If you're carrying more than four weapons when you leave, Sharkey, the local sheriff, will "threaten to smack you upside the head with a Buick" if you don't sell the extras.

As you're about to leave you again meet the other party of adventurers that you briefly encountered before, and notice that their wizard is missing. "He fell into shadow," explains the Elf; one of the others interjects, "It was his own damn fault. We should have took a right at the Burger King..." You bid them farewell and sail for the Main Hall "via the Bay of Belfalas, the Gulf of Lune, and the Panama Canal."

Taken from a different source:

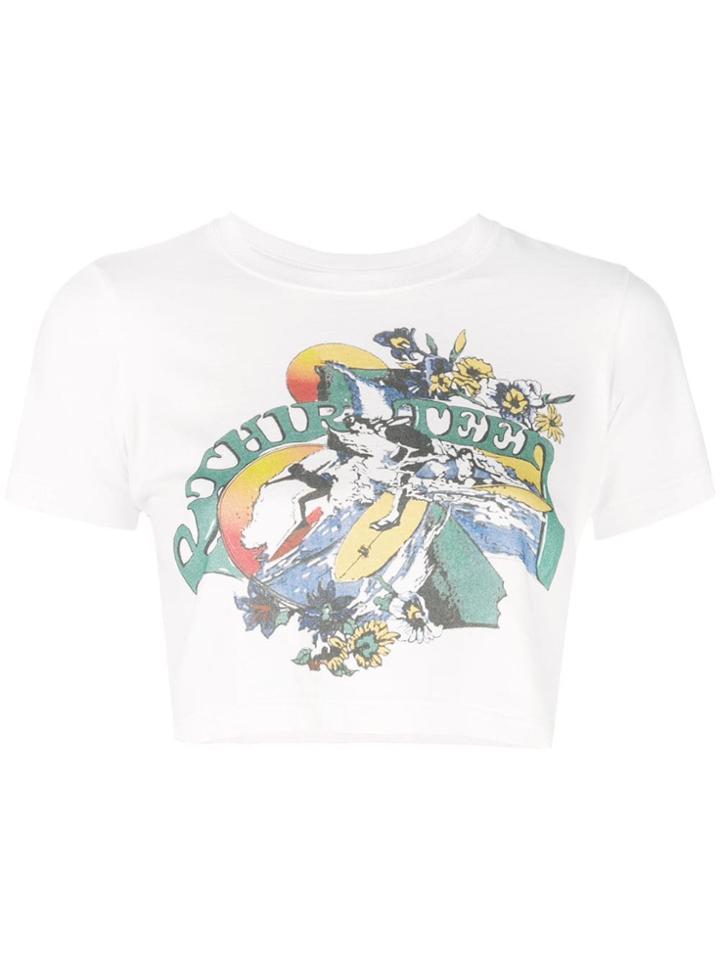 R13 Cropped Graphic T-shirt - White
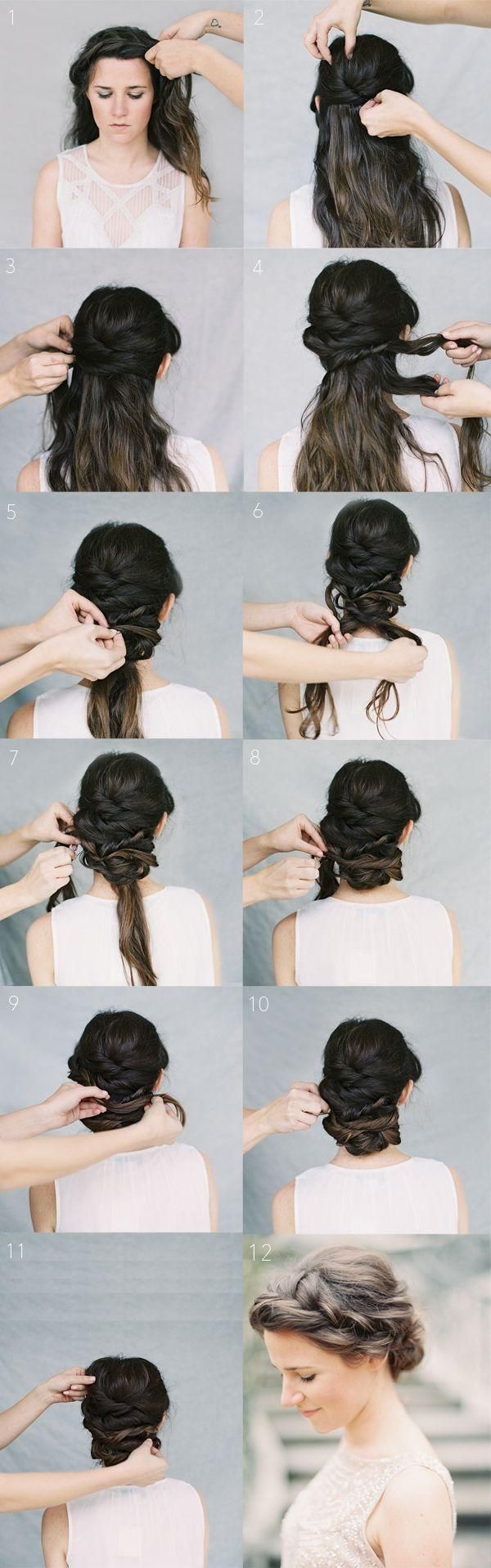 Twist Updo Hairstyles with Braids: Wedding Hairstyles Tutorial/ Via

Finally, the game promises that if you're looking for a big reward, "check out your stats!" Your hardiness and agility scores have been increased two points, your bow ability by 15, and your sword ability by 30.

Reviews

Pat Hurst gave the adventure a generally favorable review in the December 1988 issue of the EAG Newsletter, calling it "absolute lunacy" and fun to play. Though he noted some minor errors in language and programming, Hurst praised the adventure's humor, length, and detail, and recommended it for hack'n'slash players.

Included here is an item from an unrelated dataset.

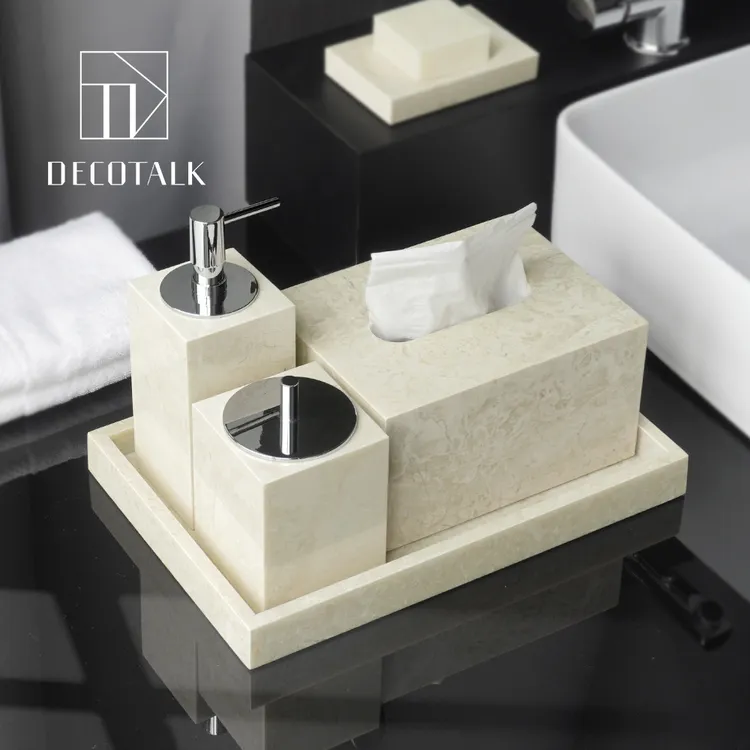 DecoTalk米黄大理石卫浴洗漱用品奶油风浴室香薰纸巾盒托盘摆件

The EAG lists the adventure's average rating as 6.5 based on two reviews.

Location

According to a map by Samurai Cat author Mark Rogers, Catzad-Dum lies in the Play Misty For Me Mountains of Middling Earth, just west of the River Howyaduin.

Trivia

  • The villain Fugu Otoko first appears in Segerlind's The Computer Club of Fear, released three months before Catzad-Dum.
  • The "mysterious tongue" used in the inscriptions throughout Catzad-Dum is Pig Latin.
  • The other party that the adventurer briefly encounters traveling through the mines is Gandalf and his companions from The Fellowship of the Ring.
  • The MP 40 ("Schmeisser") submachine gun carried by many of the porks was one of the primary firearms used by Germany in World War II.
  • The name of the B'aalhop is a play on the word bellhop.
  • Dick Van Patten (1928–2015), depicted in a mural being devoured by a horde of mutant shrimp, was an American comic actor best known for his role in the TV series Eight Is Enough.
  • Edwin Meese, shown wielding a censor stamp, was President Ronald Reagan's Attorney General from 1985 to 1988.